A final decision is due to be reached in November, with potentially major implications for the women’s 200 metres, Asher-Smith’s main event. Two of her fastest rivals, Namibia’s Beatrice Masilingi and Aminatou Seyni of Niger, have been determined as having differences in sexual development, with naturally high testosterone levels. Both have been banned from the 400m but are allowed to race in the 200, with World Athletics’ scientific studies suggesting that elevated testosterone confers less of a performance advantage over the shorter distance.

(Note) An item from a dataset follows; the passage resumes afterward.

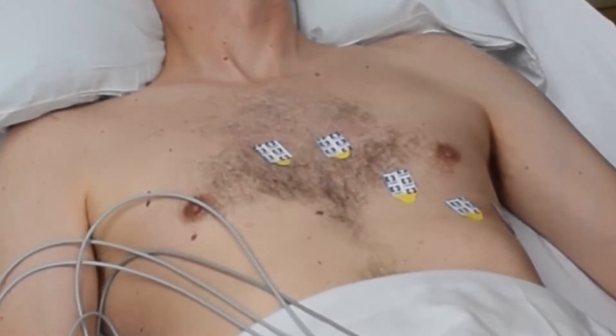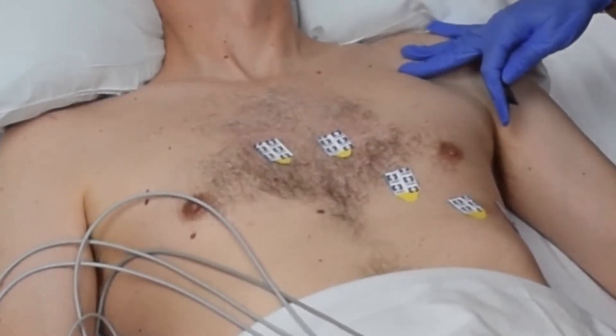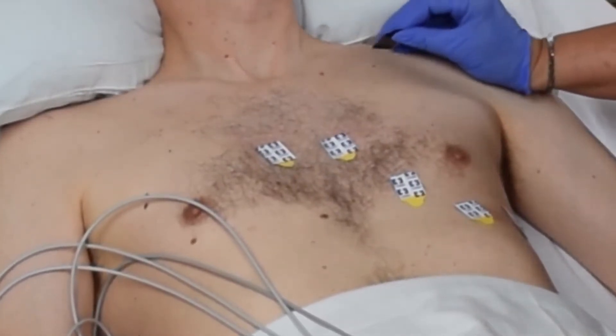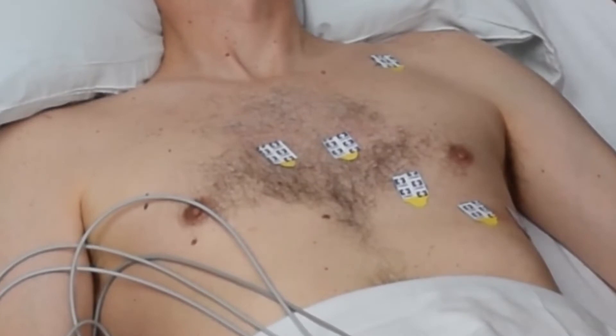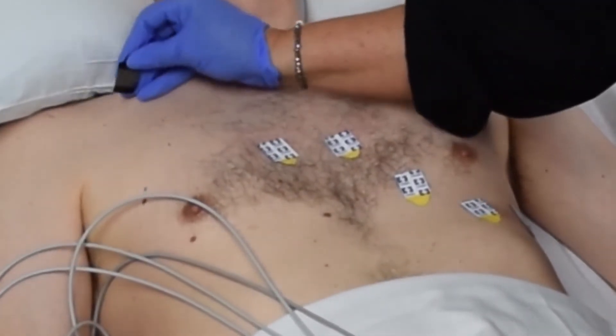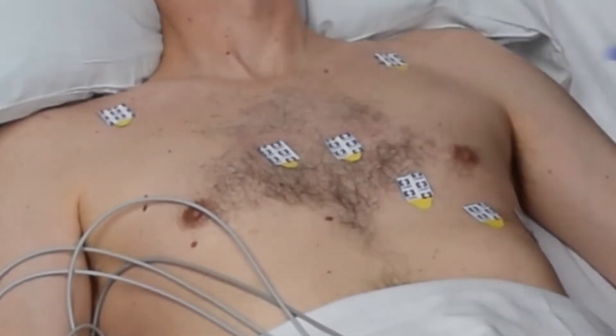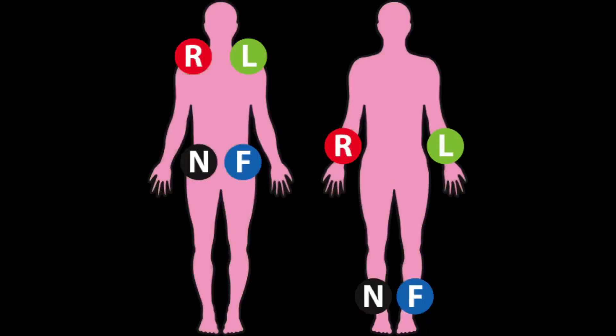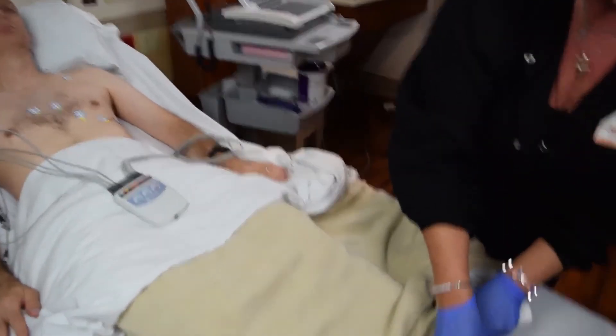Next, we will attach the limb leads. The right and left arm limb leads should be placed just below the clavicle, in the area of the shoulder. However, the leg leads can be placed anywhere below the navel, preferably at the level of the ankle, but can also be placed at the level of the hips.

Against this backdrop, I ask Asher-Smith whether enough is being done to protect the integrity of the female category in sport. “It’s a very good question,” she says. “It’s a very good way of putting it. It needs a lot more research on both sides, frankly. It’s such an important question. It transcends sport. It’s way beyond sport. So, take it outside the sporting context. It’s something we’re grappling with as a society. It needs completely open thinking, so that you can understand everything. You need to have every single fact possible, before you draw any conclusions. I would love to see so much more research, removed from any bias, so that we truly understand the whole situation. I still think that we don’t.”
The answer is measured and respectful. And yet for several minutes after the tape has stopped, she agonises over whether any of her words could be misconstrued. It is an illustration both of how white-hot the controversy has become and of her own sensitivity to nuance.